The next day we'd sometimes go out to my older sisters, but usually we hung out at home, playing with our presents, recovering and recuperating and preparing for the next day's event which was Boxing Day.

Boxing Day, the day after Christmas, a day in which my mother hosted a late luncheon for the family and sometimes friends.   We did it Danish style, and had a Smorgasbord, Danish Smørrebrød, as well as a range of other danish specialties.  (I did mention that I'm Danish, didn't I?).    From pickled herring on ryebread as the starter, to sillsalat (herring salad), fresh fried Dover Sole, mackeral in tomato sauce, crab, shrimp, as well as various danish cold cuts, røllepølse, ham, salami, hard cooked eggs and tomato wedges,  and for dessert a fresh fruit salad and various cheeses.     My mom's fruit salad was a wondrous mixture of fruits all held together with some fresh whipped cream, and topped with very thin slivers of chocolate.    How we made room for dessert, I'll never know, but we did.  Oh, did I mention that our lunch would stretch for 2 or 3  or 4 hours sometimes, yup.  That meal was never hurried, we ate a little and visited and enjoyed each others' company.    And I'm not forgetting the 'snaps', a little bit of Aquavit was enjoyed by all, but the youngest at the table.  (Go here to read more about it; ) We always had a glass with our herring and then another a little bit later on in the meal, followed by a third, never more than that.   Those of us old enough to enjoy a beer would also have a beer to sip on during the meal, the youngest would have a 'pop', or soda to those who aren't Canadian.    Which when I was young, was a treat in and of itself.   Pop was reserved for very special occasions, Christmas being one of them.   

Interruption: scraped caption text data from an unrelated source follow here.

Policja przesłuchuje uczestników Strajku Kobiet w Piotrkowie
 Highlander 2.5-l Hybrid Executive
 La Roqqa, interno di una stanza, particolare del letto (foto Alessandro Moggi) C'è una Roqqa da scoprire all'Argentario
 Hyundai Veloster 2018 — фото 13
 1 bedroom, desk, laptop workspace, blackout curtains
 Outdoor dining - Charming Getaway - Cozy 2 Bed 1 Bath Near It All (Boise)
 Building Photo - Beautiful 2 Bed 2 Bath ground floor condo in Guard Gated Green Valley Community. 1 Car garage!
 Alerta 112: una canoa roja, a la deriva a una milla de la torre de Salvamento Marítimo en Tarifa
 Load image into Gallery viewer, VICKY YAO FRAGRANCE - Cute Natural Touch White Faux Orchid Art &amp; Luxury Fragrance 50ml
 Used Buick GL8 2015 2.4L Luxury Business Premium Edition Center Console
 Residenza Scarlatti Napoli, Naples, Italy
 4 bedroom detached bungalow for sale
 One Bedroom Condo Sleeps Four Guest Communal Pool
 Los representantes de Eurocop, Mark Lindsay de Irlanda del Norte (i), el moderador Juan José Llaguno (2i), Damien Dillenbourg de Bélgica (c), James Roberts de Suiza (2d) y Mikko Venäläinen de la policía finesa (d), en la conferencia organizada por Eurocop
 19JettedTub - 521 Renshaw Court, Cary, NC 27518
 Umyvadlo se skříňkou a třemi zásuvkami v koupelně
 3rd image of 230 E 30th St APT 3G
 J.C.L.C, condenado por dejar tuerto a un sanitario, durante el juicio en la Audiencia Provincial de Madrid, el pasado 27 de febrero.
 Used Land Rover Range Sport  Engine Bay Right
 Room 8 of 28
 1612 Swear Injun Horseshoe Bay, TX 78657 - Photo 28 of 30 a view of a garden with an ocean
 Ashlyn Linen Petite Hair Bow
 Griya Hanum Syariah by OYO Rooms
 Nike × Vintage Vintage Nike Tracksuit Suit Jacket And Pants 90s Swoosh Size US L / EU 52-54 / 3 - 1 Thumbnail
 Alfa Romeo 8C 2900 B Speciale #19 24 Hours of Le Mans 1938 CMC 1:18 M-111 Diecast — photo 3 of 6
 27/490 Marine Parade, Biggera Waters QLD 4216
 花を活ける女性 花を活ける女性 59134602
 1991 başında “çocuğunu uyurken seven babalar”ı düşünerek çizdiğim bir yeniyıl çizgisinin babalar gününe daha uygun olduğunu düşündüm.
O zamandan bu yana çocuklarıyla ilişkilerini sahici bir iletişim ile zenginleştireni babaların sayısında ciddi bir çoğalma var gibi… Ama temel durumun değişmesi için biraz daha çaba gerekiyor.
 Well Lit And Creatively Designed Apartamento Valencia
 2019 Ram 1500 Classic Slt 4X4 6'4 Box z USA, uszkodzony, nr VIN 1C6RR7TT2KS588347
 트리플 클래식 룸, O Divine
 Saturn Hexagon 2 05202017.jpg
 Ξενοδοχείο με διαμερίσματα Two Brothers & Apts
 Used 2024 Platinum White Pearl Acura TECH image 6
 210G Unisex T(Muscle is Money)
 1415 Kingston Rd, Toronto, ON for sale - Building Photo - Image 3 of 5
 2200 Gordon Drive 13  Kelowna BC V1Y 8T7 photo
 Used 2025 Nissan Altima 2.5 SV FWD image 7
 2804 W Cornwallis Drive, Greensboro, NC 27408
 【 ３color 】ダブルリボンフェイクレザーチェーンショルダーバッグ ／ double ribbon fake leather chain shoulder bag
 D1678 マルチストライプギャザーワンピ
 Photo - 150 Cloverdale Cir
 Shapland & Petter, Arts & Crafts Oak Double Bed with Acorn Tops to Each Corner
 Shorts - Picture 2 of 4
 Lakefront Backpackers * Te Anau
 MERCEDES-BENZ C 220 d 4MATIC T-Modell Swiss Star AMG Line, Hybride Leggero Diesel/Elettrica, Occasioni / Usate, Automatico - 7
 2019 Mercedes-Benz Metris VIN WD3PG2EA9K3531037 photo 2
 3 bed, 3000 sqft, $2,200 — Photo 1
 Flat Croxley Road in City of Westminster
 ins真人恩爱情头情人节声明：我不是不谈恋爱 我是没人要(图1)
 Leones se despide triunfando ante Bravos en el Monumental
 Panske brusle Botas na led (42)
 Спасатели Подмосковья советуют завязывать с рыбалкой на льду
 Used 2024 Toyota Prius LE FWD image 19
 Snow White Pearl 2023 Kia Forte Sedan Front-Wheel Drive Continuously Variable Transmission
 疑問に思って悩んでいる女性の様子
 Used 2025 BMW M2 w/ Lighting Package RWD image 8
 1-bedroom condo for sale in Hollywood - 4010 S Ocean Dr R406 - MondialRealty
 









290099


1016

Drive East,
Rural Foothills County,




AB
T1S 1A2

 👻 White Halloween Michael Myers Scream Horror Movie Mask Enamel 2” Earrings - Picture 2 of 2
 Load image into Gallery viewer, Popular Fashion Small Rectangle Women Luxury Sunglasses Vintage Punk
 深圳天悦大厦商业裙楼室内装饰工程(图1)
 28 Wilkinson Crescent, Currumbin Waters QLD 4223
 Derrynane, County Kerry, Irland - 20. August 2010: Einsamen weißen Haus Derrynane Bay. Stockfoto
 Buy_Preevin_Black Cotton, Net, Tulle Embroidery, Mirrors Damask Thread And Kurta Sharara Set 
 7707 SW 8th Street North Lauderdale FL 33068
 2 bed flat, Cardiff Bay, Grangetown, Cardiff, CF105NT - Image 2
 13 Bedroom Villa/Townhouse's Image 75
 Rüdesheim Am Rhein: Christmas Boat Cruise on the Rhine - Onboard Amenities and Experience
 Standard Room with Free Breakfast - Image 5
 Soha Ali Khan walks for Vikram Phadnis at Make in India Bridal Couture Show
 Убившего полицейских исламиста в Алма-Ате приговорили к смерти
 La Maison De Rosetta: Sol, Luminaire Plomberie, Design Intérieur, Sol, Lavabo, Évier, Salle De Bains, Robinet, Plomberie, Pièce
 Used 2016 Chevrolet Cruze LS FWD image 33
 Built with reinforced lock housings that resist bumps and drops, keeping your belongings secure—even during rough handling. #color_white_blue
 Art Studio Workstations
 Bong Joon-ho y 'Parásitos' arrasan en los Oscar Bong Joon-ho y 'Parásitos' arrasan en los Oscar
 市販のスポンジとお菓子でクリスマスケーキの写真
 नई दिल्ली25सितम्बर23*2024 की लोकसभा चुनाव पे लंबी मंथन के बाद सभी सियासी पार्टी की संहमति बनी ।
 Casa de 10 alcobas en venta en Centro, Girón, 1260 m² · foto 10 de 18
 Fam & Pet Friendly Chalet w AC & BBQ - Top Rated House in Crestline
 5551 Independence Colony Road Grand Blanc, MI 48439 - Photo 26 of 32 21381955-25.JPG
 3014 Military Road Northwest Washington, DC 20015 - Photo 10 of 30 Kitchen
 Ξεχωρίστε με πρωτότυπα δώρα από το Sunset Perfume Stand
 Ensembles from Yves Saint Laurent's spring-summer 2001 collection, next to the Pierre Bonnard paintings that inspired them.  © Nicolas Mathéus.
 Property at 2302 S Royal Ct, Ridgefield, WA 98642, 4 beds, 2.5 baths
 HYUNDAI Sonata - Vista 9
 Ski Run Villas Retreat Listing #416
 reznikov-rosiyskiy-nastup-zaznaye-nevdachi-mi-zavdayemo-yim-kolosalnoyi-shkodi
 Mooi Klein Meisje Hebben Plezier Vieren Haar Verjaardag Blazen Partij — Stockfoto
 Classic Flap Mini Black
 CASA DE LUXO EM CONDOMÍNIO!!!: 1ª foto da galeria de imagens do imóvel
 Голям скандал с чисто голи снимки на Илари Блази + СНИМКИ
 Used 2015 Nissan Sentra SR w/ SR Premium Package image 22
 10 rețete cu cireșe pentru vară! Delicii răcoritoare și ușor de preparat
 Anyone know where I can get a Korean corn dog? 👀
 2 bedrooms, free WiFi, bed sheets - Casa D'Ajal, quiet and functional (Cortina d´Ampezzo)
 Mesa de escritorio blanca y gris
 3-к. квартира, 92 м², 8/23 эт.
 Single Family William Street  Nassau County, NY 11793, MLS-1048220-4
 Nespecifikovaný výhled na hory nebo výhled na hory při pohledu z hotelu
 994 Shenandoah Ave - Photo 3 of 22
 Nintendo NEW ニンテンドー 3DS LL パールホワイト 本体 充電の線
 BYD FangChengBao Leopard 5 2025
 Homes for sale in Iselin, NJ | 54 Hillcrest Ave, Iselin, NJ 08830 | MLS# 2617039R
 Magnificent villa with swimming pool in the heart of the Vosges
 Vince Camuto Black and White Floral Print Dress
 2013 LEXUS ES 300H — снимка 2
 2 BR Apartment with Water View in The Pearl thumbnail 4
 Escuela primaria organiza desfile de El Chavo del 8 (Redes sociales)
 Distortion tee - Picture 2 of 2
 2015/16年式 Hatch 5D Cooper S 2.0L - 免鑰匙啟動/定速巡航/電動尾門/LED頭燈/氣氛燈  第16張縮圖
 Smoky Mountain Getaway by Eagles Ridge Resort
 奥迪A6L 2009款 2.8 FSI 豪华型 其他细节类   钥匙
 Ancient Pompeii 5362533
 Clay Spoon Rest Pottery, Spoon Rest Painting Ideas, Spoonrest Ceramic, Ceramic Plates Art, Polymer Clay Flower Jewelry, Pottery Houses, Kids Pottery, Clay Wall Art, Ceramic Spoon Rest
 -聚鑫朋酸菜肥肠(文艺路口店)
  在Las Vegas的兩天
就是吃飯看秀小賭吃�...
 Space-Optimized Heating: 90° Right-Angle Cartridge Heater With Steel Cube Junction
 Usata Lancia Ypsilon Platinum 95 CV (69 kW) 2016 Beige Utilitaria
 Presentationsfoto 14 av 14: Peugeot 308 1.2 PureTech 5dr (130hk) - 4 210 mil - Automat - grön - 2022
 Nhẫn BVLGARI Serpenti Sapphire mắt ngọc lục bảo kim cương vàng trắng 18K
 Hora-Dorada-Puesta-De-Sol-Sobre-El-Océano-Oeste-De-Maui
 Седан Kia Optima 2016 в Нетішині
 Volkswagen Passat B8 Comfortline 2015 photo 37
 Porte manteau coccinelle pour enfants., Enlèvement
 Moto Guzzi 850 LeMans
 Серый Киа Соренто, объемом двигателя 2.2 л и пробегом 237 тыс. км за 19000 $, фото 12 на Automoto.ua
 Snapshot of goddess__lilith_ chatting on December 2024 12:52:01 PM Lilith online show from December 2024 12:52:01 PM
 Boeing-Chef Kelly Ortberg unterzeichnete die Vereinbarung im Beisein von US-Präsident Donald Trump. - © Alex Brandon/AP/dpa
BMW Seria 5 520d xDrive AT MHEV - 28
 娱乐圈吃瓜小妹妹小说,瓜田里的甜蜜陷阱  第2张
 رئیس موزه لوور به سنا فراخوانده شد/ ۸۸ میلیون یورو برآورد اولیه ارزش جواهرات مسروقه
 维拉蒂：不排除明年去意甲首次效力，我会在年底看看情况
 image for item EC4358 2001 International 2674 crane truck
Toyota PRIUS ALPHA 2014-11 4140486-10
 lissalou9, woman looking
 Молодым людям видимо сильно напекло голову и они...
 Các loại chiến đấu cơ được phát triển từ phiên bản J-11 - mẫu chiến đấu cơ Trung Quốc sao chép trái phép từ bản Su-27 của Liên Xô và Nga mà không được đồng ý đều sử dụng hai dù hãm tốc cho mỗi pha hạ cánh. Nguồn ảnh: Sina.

However those days are long gone, we're all grown up and we all have families and traditions that vary from what we grew up with.    I still make Christmas Eve special, but with only two of us at home, I now invite friends in who may be far from their families on Christmas, and I make my husbands' favorite meal,  a Prime Rib.   

6 lb. Prime Rib ready for the oven.
I'll close with a few pictures from Christmas Eve.
This is after I'd carved it, as you can see, lovely and rare.  

Yorkshire Pudding in the oven, they all rose this year, giggle.

Can't have Prime Rib without Yorkshire Pudding.

Managed to get a couple of shots of the food after.

As you can see, we had some hungry people who joined us.


The Dessert Table


For more recipes please check out   

All about food. *giggle*


  1. Childhood memories, so wonderful! Nice post!

  2. Great to find your blog, and to read about so many familiar traditions! Our smorgasbord was always on Christmas Eve...I still have a weakness for røllepølse and rye bread (the only day of the year I eat veal -- I can't resist!)

    I can't wait to see your Citronfromage recipe...not familiar with it, but it sounds wonderful! Theresa

  3. Thanks for kind comments. I'm planning on trying my hand at making a røllepølse soon, my mom used to make them from pork from time to time. I know how labor consuming it is, but well worth it.
    I find that the older I get the more I cherish the traditions of my childhood, and I try to recreate them in a small way, all by myself.